With the LHC, the scientists at CERN hope to gain new information about the origin of the Universe. And the new detector Anne and her team are constructing will help them to do so. “This machine can take more than one billion pictures per second with one million pixels per picture,” Anne explained. “But how do you detect particles that you don’t know?” a young girl wanted to know. “Thanks to computer models, we know pretty well what to expect,” Anne replied. “Nevertheless the unexpected happens. That’s always thrilling and sends the theoreticians back to their desks.”
But it wasn’t only the scientific aspect of Anne’s work in which the young listeners expressed an interest. When it was their turn to ask questions, they wanted to know why she had chosen to be a physicist, a career in what (in their eyes) is still a man’s world. “I was always interested in books about the Big Bang,” Anne replied. “I guess I just wanted to know how it worked. And yes,” she added, “there are still more men around in this field than women.

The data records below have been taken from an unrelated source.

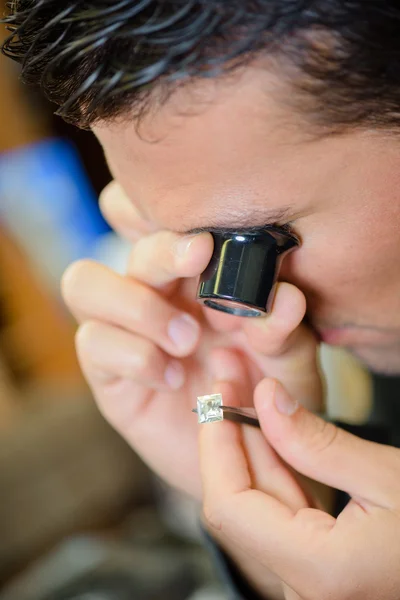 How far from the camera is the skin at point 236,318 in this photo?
2.08 ft

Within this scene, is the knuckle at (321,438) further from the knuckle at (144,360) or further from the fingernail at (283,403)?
the knuckle at (144,360)

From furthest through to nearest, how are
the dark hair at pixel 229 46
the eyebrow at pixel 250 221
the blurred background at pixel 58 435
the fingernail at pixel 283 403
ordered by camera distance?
the blurred background at pixel 58 435 → the fingernail at pixel 283 403 → the eyebrow at pixel 250 221 → the dark hair at pixel 229 46

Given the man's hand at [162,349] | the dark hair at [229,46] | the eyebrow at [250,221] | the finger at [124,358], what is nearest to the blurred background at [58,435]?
the man's hand at [162,349]

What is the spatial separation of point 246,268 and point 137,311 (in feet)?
0.82

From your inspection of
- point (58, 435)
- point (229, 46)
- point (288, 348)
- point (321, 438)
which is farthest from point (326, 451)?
point (58, 435)

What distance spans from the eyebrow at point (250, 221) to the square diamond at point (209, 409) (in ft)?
0.84

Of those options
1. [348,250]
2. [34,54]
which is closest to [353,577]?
[348,250]

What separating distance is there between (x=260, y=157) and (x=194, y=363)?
0.46 metres

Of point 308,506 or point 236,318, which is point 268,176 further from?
point 308,506

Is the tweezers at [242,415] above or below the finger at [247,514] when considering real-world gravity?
above

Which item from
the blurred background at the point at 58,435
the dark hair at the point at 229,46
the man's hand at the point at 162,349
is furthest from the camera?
the blurred background at the point at 58,435

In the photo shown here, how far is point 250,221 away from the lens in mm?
699

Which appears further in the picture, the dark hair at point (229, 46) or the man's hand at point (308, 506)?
the man's hand at point (308, 506)

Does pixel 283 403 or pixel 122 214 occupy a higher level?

But that has never been a problem for me.”
From Geneva, the journey continued across the Atlantic Ocean to the Atacama Desert in Chile, where the German astronomer Daniel Kubas was expecting the virtual travellers from Munich. At six o’clock in the morning local time, Kubas had just returned from his night watch scanning the Universe with ESO’s impressive machine, the Very Large Telescope. Though obviously tired, he still had enough energy to explain all the questions about Einstein Rings, gravitational lenses and the capacity of the ESO telescope. Its resolution is comparable with the Hubble Space Telescope, Kubas said – and gave the young listeners a stunning example of what that means. “If there was a car driving on the Moon, we would be able to distinguish the two front lights.” But if they could do so, had they found any evidence that Americans had ever set foot on the Moon, a young listener wanted to know? Not yet, it seems.

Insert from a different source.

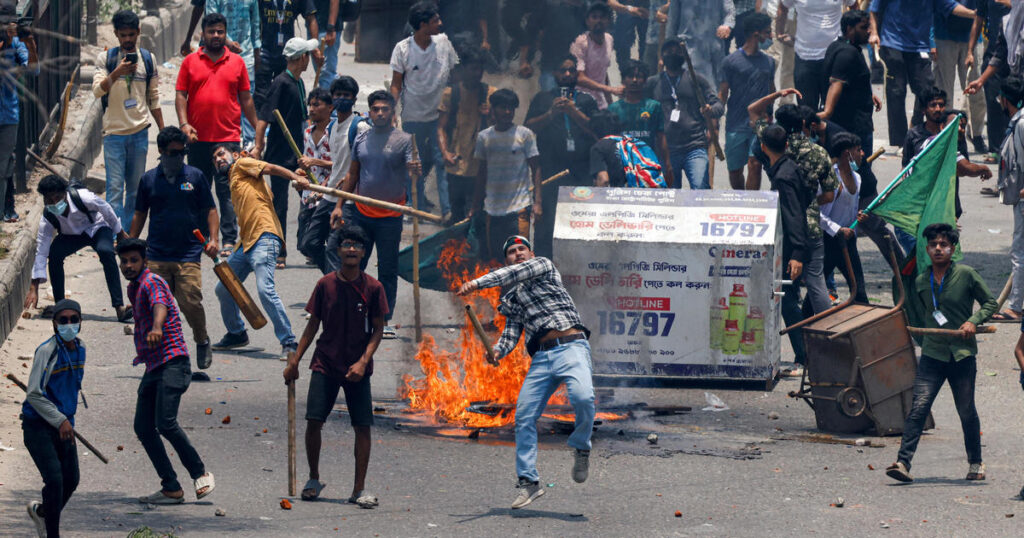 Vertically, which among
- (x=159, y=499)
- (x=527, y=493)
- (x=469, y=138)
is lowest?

At 12.25 GMT the satellite link switched back to Europe to connect the audience with Marco de Baar and Sandra Grünhagen at the Joint European Torus (JET) in Culham, UK. Sitting in the heart of ‘Ground Control’, the two physicists explained the principles and aims of fusion in general and in detail.
“When will the technique that will be tested in the ITER project, the next step in the development of fusion energy, be ready for commercial use?” the audience wanted to know. The answer? If ITER is a success, the first commercial fusion power plants are expected in some 40 years.

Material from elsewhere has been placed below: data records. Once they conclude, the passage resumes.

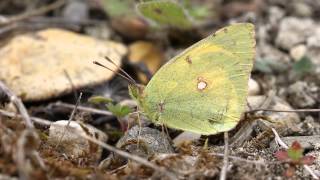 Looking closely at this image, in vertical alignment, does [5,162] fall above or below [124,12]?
below

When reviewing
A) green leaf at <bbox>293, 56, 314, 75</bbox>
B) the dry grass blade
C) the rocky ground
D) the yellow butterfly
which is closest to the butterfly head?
the yellow butterfly

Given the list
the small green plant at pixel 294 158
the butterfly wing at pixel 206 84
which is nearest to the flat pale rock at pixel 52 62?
the butterfly wing at pixel 206 84

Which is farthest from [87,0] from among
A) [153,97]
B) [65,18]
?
[153,97]

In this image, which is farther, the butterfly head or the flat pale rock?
the flat pale rock

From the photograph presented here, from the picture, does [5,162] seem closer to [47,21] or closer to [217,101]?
[217,101]

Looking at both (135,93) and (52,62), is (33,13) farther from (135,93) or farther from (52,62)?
(135,93)

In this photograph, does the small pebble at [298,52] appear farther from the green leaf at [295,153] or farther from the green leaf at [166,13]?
the green leaf at [295,153]

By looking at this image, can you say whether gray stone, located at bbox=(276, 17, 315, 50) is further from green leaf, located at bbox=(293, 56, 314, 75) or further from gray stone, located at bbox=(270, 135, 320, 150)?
gray stone, located at bbox=(270, 135, 320, 150)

“What is work like at an international place like JET?” The response: “Thrilling”. This big project involves not only many different nationalities, but also different cultures.
Finally, “Is there a chance for engineers to participate?” ITER is a large, complex device, which will be used by physicists, but is largely being developed and built by engineers. So there are lots of possibilities!
The final stop on the round-the-world trip was Grenoble, home to the European Synchrotron Radiation Facility (ESRF), the European Molecular Biology Laboratory (EMBL) and the Institut Laue-Langevin (ILL). Although the laboratories use different methods, neutron-beam or X-ray, some of their work overlaps: investigating the structures of molecules and proteins. The results of their research deliver important information for the development of drug treatments as well as new materials. “Sometimes we test very old ones too,” Christoph Müller explained, live from his lab at EMBL. “For example, we are currently investigating what gives wood its excellent mechanical properties.”
One and a half hours after takeoff in Geneva, the trip to the frontiers of science returned to the cinema theatre in Munich. A trip that might be just the beginning of a promising journey of investigation for some of the audience.